Vorläufig hat mich der Abschnitt, in dem James Incandenzas Vater seinem Sohn (im Winter 1960) schildert, wie, aufgrund eines (offenbar nur zufällig) gewitzt platzierten Balls seines Gegners auf dem Tennisplatz, für ihn weder etwas aus einer viel versprechenden Karriere als Profispieler noch aus einem intakten Verhältnis zu seinem eigenen Vater, James’ Großvater, wurde, besonders beeindruckt. Vielleicht weil ich ihn zuletzt gelesen habe. Ebenso beeindruckt wie verwirrt, weswegen ich lange darüber nachgedacht habe, ob der Stopball auf Seite 238 wohl etwas anderes ist als der Stoppball auf Seite 239. Grundsätzlich wäre das ja vorstellbar. Dieser Gedanke, der ein wenig davon verrät, wozu dieses Buch imstande ist, brachte mich auf James Incandenzas 52. Filmarbeit (in der Übersetzung) „Wie Anno dazumal.“, der sich auf dieses Ereignis zu beziehen scheint und ihm 181. Minuten Film widmet.

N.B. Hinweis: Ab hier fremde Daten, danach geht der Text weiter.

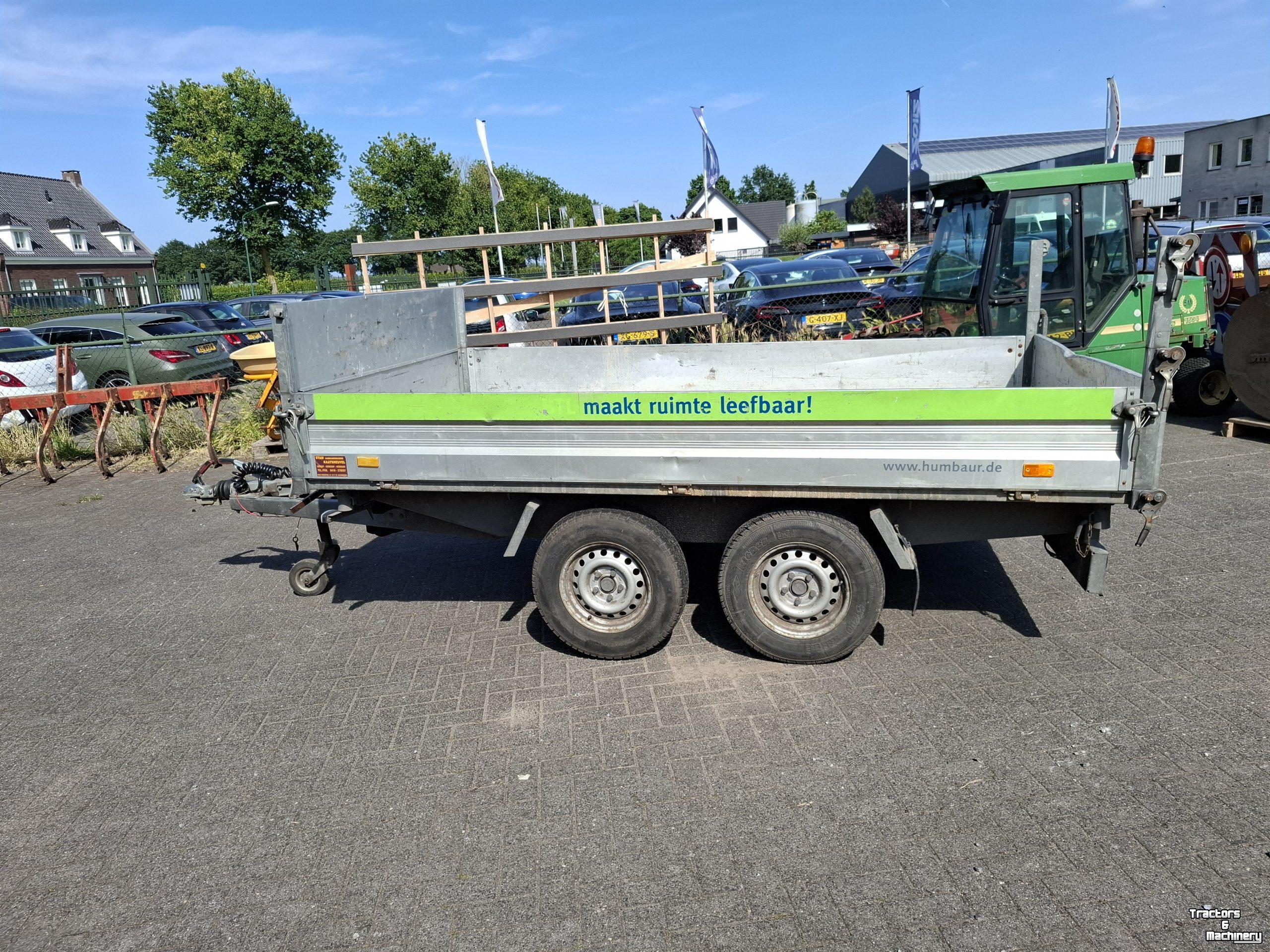 Remorque automobile jusqu’ à 3500 Kg Humbaur htk2000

Als ich die Liste mit Incandenzas Filmen erstmals sah, habe ich mir kichernd vorgestellt, wie der eine oder andere Plot wohl von diesem oder jenem Regisseur inszeniert wirken würde. „Bei Anruf Wollust“?

2 Kommentare zu Meine Filme sind nicht ein Stück Leben, sie sind ein Stück Kuchen (Alfred Hitchcock)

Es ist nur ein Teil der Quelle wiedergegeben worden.